もともと私は理系の方が得意だったのですが、しかし弁護士に興味が湧き、大学入学のときに弁護士になろうと決心をして法学部を選択しました。それがきっかけですね。
印象に残っている案件(事件)
痴漢の否認事件が印象に残っています。この事件は私の同期と2人で、依頼者が逮捕されたその日から2年間ほど、交互に接見を繰り返していました。その事件でいろいろな方と出会い、いろいろな方のお話も聞くことができ、なにより依頼者の方のために同期と一緒に最高裁まで本気で戦うことができたので、印象に残っています。
仕事の中で嬉しかったこと
依頼者の方と一緒に、どういう証拠を集めれば良いのか、どうしたら依頼者の方の要望がかなえられるかを一緒になって考え、依頼者のことを最初から最後まで自分が把握して、事件の解決も考えた通りに進むことができるのが嬉しいことです。
弁護士になって大変だと感じること
依頼者との信頼関係を作れないときです。基本的には判例・通説に従うことが裁判では有利になると思いますが、最初にリスクを説明したうえで、それでもなお依頼者の方がやりたいというのであれば、私はやります。できないことはもちろん言いますが、依頼された以上すべてのことはやろうと思っています。
弁護士としての信条・ポリシー
依頼者に対して、できること、できないことの理由をしっかりと説明し、その上で私が合わないのであれば、しっかりと「自分とは合わないのではないか」と伝えます。
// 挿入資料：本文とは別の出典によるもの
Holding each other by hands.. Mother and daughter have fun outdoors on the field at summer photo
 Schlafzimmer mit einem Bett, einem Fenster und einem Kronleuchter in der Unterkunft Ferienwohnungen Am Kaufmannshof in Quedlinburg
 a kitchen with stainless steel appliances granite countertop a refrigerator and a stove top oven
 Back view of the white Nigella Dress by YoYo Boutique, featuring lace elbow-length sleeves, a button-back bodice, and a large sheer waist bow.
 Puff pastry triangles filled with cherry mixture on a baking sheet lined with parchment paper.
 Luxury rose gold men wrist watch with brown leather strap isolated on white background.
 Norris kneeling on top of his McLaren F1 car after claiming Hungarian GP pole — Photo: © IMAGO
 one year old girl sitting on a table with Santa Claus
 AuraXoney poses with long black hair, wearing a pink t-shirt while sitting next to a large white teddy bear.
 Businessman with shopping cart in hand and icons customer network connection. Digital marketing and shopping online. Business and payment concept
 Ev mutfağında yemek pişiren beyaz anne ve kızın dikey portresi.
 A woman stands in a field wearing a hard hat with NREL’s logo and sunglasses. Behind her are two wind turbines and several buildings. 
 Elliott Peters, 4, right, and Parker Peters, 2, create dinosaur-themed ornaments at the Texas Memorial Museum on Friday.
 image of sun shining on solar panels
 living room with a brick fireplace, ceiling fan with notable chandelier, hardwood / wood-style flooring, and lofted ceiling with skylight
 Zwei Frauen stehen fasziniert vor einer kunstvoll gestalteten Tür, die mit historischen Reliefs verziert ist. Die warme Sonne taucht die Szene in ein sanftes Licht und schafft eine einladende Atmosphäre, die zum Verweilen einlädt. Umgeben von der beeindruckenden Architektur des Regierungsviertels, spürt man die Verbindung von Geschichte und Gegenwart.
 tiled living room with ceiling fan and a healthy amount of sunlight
個人の人は人生で弁護士に頼る機会など、1回あるかないかだと思います。そんな大切なときに、合わない弁護士に頼んでつらいのは依頼者の方だと思います。「私はこういう方針です」と説明して、納得頂いた上で選んで欲しいと思っています。しかし、依頼をされた以上は絶対私のできることはすべてやります。
依頼者に対して気をつけていること
信頼関係をどう作るかというところで、話をよく聞くことです。どういう事実関係があって、どういう処理をしたいのか、お金の問題なのか、そうではないのか、依頼者の方が納得する結論に導くことが一番良いと思います。
関心のある分野
依頼はなんでも受けるようにしていますが、特に関心があるのは、中小企業の予防法務分野です。中小企業には法務部もなく、社員の方が兼任しても片手間になってしまいます。そういう企業の相談に乗っていきたいと考えています。
今後の弁護士業界の動向
弁護士の数は増え、事務所の規模も2極化し、業務の内容も細分化すると思います。専門性を出そうとする人が増えます。しかし、いわゆる町ベンとしての需要がなくなることはないと思います。
ページを見ている方へのメッセージ
どんな問題でも、なるべく早く相談に行くべきだと思います。初回無料の事務所もありますし、あわなければ別の弁護士に頼んでもいいと思います。風邪をひいたら医者に行くのと同じ感覚で、ちょっと問題だなと思ったら、気軽に相談に来てください。